Der neue Zeitgeist ist geboren, liegt bereits in der Krippe und fordert ständig unsere Aufmerksamkeit. Die Ahnung, was dereinst werden könnte, unterscheiden den Optimisten vom Pessimisten. Die Hoffnung, es werde wieder alles wie früher, haben sich zerschlagen. Wir sind Gesetzmässigkeiten ausgesetzt, welche tief im Ursprung unseren «raison d’être» hinterfragen – wofür leben wir? 2025 war die Häutung, nicht Authentisches konnte losgelassen werden, Maskeraden lösten sich auf. Diese Nacktheit lässt nun zu, dass man den eigenen Puls spürt, aber sie macht auch viel verletzlicher. Es ist ein Überlebenskampf in einer neuen Zeit. Auf der Traktandenliste zuoberst steht die Kampfansage gegenüber dem geistigen Dominanzanspruch. Viele technische Entwicklungen haben uns überrollt und bedrohen den Wert des Lebens an sich. Eine gesundheitsfördernde Nahrungsproduktion, lebensbefähigende Bildung und ein empathischer Umgang der Menschen untereinander hat allergrösste Priorität. Neptuns Schattenseite ist die Vergiftung – wenn die Bestimmung nicht erfüllt wird, erlahmen die Sinne und letztlich der Lebenstrieb. Neptunische Kompromisse schwanken daher ständig im Grenzbereich, Ideal und Realität benötigen Verbindung. Die Welt der Betäubungsmittel (Medikamente, Drogen, Alkohol, Spiele, Konsum, soziale Aufmerksamkeit, etc.) ist neptunisch, es ist die Dosis, die über Heil oder Zerstörung entscheidet. Wer 2025 aus alten, destruktiven Verhaltensmustern ausgecheckt hat, erhält die Chance, die Dinge nun im Einklang mit den eigenen Werten und Talenten anzugehen. Ende Juni kommt es zum Duell: Pluto im Wassermann pocht auf Echtheit und das Einlassen auf den neuen Zeitgeist und Jupiter setzt entweder den Grössenwahn oder die individuelle Lebendigkeit an erste Stelle.

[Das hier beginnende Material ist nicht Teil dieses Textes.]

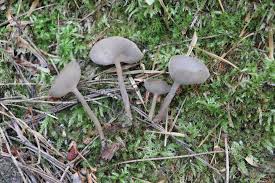 Attēlu rezultāti vaicājumam “Helvella macropus”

Sieg, Niederlage oder Kompromiss werden sich im Wertegerüst der neuen Wissensgesellschaft verankern. Wenn Uranus ab Ende April für sieben Jahre im Zwilling verbleibt, sind die nächsten geistigen Um- und Durchbrüche angezeigt. Wenn wir diese Power nicht nur der digitalen Welt überlassen, bietet das die Chance, ein viel grösseres Bewusstsein für Individualität und Ausdrucksmöglichkeiten zu entwickeln und sich und andere auf einer umfassenderen Ebene wahrzunehmen.

Die Leere

Speziell ist auch jene Hälfte des Tierkreises, welche leerbleibt. Jungfrau, Waage, Skorpion, Schütze und Steinbock sind nicht primär in das Krippenspiel verwickelt. Dies ist widersprüchlich, weil gerade diese Zeichen unser Verhalten in Beziehungen beschreiben. Das Paradox ist aber eine Qualität der Astrologie, weil es für die Co-Existenz und Gleichzeitigkeit von verschiedensten Erscheinungen steht. Menschen schirmen sich ab vor negativen Nachrichten, chaotischer Hektik und fremdbestimmtem Getrieben-Sein. Die Stärkung der Beziehung zu sich hat höchste Bedeutung und schafft Zugänge zu neuem Lebenssinn. Es birgt aber auch Gefahren, wenn man nicht mehr teilnimmt am gesellschaftlichen Prozess. Denn es wird Vieles entschieden werden am Anfang einer neuen Epoche, was Auswirkungen hat für lange Jahre. Darum gilt es die Balance zwischen Rückzug und Teilnahme im Auge zu behalten, jene Kanäle zu suchen, die einem sachlich informieren und Grundlagen bieten, eine eigene Meinung zu bilden. Lebendige echte Präsenz mit Menschen, Tieren und der Natur belebt und nährt. Unsere Seelen erleben turbulente Zeiten, doch über das tiefe Fühlen und Empfinden können sie auch regenerieren. Ich wünsche Euch allen einen bewussten Start ins neue Kalenderjahr!